DUBLIN: More tourists are now visiting Northern Ireland with an extra £86 million pumped into the local economy last year from overnight stays. New government figures show that Belfast is growing its share of the tourism market in the north, with almost a third of visitors choosing Belfast as their destination of choice.
In 2016 an estimated 1.5 million tourists enjoyed an overnight stay in Belfast, 31 per cent of the total 4.7 million visitors to the north. That figure rose slightly on the previous year, with total spend also rising in comparison to the previous 12 months. The Causeway Coast and Glens council district ranked second behind Belfast, while the Armagh City, Banbridge and Craigavon council area saw the lowest number of overnight visitors, an estimated 144,977. The figures state that tourists brought £850 million into the local economy last year, 39 per cent of which was spent in Belfast (£334 million), with an overall increased spend of over £86 million across all council areas.

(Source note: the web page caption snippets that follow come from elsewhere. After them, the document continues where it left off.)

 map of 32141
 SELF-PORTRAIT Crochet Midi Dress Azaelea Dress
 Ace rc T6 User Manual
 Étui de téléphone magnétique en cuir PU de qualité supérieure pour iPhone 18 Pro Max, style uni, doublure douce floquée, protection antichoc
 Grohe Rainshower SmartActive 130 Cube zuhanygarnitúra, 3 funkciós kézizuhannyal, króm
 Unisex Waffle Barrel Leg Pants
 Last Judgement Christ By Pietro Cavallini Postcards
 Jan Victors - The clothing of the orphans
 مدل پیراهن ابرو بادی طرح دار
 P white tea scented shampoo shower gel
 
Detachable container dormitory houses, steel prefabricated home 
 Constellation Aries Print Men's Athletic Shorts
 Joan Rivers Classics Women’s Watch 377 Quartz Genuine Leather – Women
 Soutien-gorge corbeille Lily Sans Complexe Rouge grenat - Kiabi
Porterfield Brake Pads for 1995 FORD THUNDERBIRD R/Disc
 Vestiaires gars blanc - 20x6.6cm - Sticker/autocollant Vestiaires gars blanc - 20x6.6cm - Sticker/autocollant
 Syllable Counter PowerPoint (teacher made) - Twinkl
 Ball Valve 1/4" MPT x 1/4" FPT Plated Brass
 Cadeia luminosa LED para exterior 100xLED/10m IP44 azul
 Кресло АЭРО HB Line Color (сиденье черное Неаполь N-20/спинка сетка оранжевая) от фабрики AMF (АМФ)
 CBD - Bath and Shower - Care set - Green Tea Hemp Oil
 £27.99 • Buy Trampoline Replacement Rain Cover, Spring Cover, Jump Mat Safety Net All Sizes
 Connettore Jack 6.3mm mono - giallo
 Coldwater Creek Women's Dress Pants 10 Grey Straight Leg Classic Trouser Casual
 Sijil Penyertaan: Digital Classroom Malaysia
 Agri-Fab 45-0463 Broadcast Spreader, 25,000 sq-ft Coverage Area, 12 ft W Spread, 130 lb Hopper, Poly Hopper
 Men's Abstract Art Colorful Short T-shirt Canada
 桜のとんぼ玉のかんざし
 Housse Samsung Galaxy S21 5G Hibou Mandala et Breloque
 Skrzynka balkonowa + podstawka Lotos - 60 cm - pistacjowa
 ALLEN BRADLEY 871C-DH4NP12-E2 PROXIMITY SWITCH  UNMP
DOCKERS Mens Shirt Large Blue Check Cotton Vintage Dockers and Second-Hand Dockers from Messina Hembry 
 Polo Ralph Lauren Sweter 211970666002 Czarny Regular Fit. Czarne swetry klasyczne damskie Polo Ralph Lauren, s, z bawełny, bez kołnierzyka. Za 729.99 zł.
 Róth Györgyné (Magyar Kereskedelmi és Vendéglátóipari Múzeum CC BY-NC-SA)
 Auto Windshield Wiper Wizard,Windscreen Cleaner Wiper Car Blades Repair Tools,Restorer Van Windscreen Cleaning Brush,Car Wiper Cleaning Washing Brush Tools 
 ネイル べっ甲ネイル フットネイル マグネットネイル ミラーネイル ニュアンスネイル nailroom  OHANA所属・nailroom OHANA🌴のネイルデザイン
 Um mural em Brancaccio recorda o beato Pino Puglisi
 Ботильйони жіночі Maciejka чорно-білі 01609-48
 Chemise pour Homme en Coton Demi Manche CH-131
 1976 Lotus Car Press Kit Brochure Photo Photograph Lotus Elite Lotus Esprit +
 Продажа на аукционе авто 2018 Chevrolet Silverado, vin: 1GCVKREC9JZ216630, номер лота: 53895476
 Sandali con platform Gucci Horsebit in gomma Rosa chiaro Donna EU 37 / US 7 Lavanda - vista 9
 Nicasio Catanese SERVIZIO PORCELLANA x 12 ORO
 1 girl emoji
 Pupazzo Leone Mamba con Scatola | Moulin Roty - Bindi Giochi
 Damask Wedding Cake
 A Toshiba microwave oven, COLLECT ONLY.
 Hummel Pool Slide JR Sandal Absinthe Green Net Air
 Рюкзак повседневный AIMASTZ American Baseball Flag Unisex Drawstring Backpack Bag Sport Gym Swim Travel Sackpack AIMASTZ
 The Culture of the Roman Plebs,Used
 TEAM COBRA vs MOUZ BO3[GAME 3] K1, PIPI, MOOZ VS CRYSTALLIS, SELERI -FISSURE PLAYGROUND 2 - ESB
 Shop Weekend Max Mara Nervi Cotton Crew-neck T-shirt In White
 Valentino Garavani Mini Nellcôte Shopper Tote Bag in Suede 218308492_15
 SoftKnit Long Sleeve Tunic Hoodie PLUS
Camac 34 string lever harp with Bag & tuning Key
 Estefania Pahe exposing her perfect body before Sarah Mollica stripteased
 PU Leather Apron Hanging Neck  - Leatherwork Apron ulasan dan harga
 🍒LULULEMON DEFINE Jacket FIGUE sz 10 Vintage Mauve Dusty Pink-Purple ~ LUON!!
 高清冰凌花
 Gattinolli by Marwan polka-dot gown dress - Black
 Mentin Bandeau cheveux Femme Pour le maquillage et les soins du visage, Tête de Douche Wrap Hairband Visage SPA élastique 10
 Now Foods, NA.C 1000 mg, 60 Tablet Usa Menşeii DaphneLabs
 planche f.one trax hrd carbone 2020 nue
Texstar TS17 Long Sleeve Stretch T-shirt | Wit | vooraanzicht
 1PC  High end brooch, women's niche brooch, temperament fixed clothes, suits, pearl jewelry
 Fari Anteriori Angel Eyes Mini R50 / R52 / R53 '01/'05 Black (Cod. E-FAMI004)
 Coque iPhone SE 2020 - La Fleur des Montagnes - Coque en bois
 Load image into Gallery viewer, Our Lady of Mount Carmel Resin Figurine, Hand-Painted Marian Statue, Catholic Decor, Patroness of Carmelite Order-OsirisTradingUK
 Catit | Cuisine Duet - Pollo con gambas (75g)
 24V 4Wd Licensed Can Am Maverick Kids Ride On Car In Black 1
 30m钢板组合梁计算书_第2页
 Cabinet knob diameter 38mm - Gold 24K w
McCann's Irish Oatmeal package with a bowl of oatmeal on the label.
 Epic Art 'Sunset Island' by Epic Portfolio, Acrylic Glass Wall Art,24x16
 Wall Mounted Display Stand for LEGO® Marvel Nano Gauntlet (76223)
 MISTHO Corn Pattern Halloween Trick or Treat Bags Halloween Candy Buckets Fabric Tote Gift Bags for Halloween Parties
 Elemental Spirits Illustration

Belfast saw the biggest increase year-on-year, with an additional £55 million spent within the city council area. The strong Belfast figures were extended to the hotel trade, with the city selling 991,000 rooms in the course of last year and holding a 79 per cent room occupancy level, the highest out of all Northern Ireland regions. The Belfast district has the largest number of hotel rooms in the north with 3,437 rooms, or 43 per cent of the Northern Ireland total. The majority of visitors from outside Northern Ireland were from Great Britain, roughly 1.4 million and this was followed by Europe and North America. The chief executive of Hospitality Ulster Colin Neill said the figures showed the importance of the tourism sector to the local economy. “While the overall numbers are most certainly positive, they also show that there is more need for investment and promotion in regions of Northern Ireland that aren’t as well established as tourist destinations in order that the benefits of tourism and hospitality are more evenly spread.”